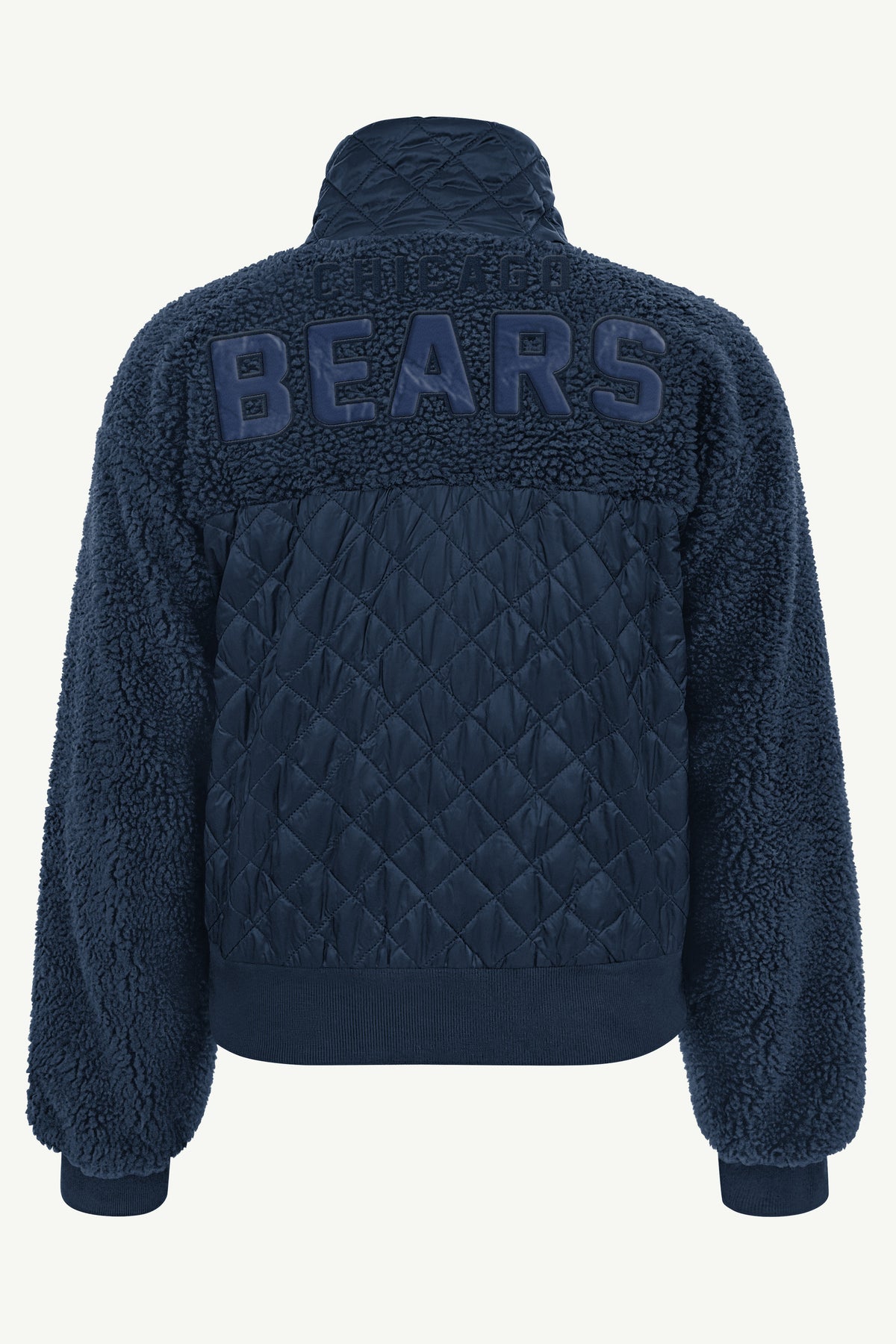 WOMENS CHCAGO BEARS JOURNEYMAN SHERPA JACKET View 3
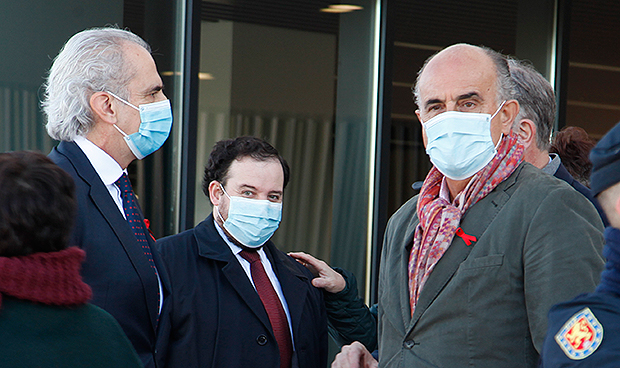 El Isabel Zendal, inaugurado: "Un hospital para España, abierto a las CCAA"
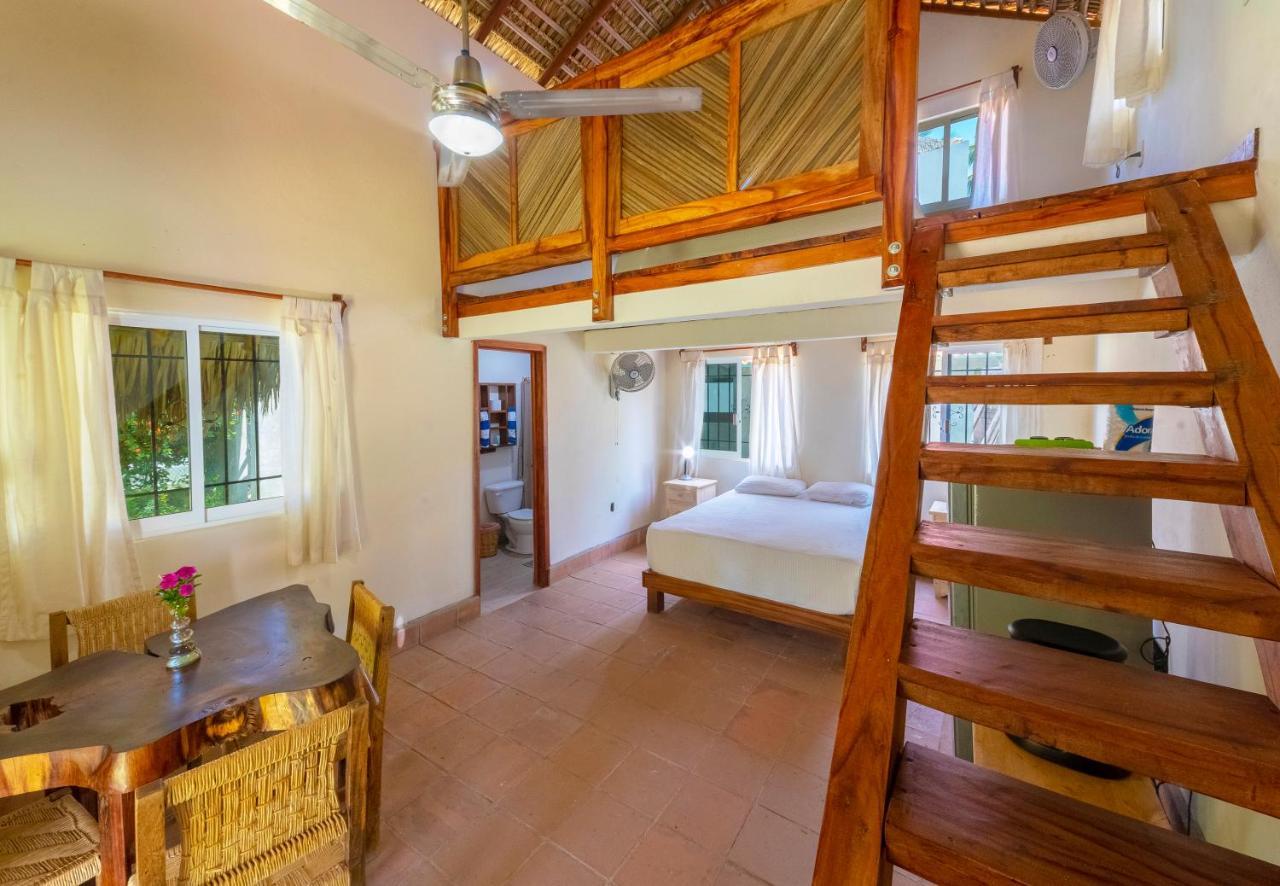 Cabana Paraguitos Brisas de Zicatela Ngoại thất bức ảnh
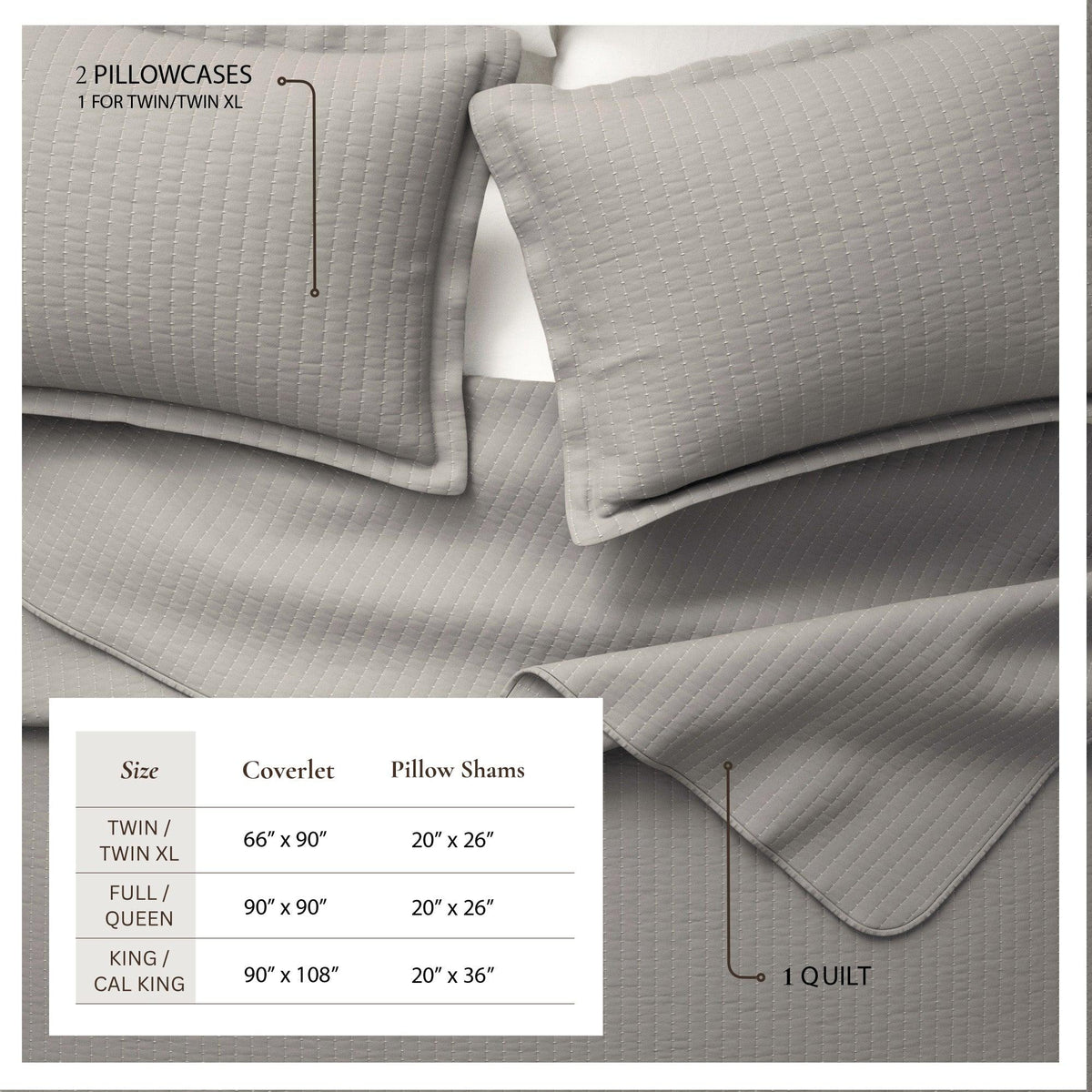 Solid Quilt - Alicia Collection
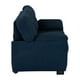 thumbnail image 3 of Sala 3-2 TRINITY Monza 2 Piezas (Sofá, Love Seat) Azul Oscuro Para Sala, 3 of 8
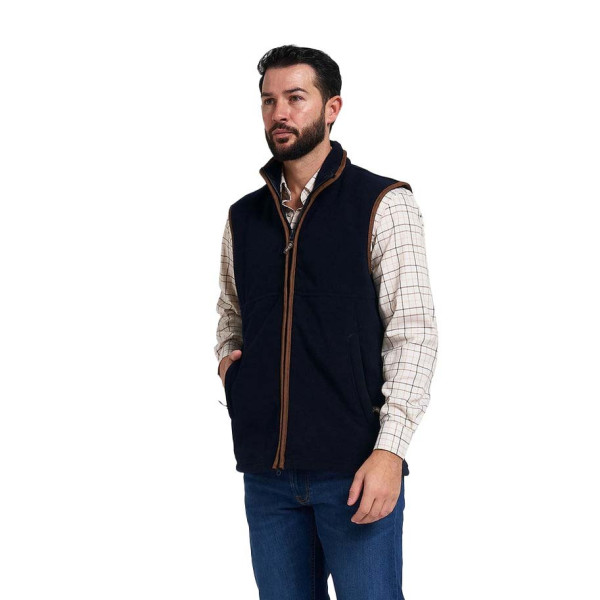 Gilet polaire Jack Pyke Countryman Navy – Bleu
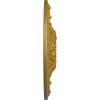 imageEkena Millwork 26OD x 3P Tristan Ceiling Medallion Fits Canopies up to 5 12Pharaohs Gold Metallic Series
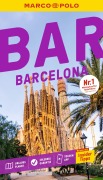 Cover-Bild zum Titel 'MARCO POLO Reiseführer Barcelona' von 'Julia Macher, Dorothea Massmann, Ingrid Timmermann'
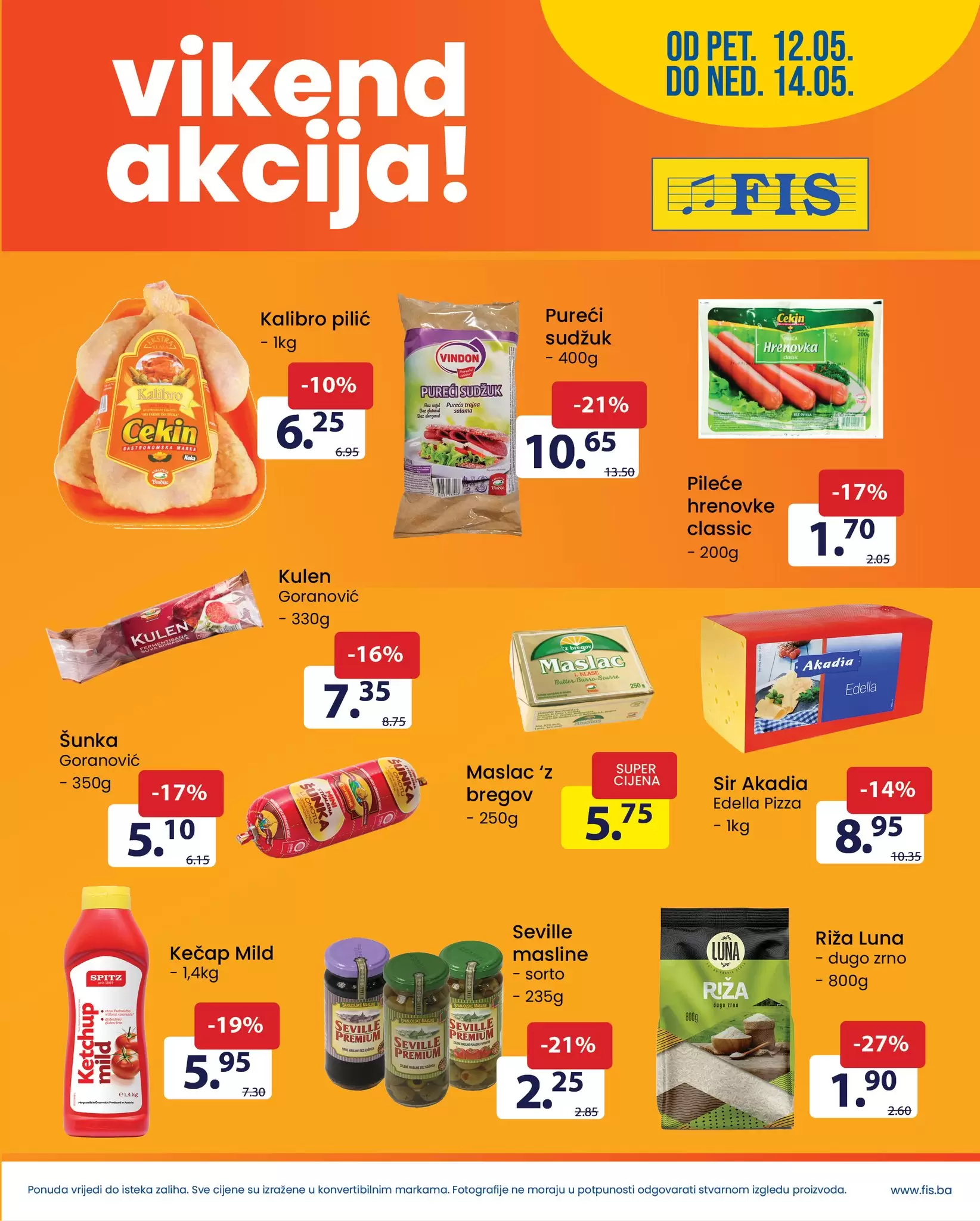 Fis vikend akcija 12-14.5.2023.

◆ ◆ ◆ ◆ ◆

The required answer is the lines from the one that contains "imageEkena Millwork 26OD" through the last line of the records, restated word for word, with every picture dropped.

 imageEkena Millwork 26OD x 3P Tristan Ceiling Medallion Fits Canopies up to 5 12Pharaohs Gold Metallic Series
 Cover-Bild zum Titel 'MARCO POLO Reiseführer Barcelona' von 'Julia Macher, Dorothea Massmann, Ingrid Timmermann'
 Fis vikend akcija 12-14.5.2023.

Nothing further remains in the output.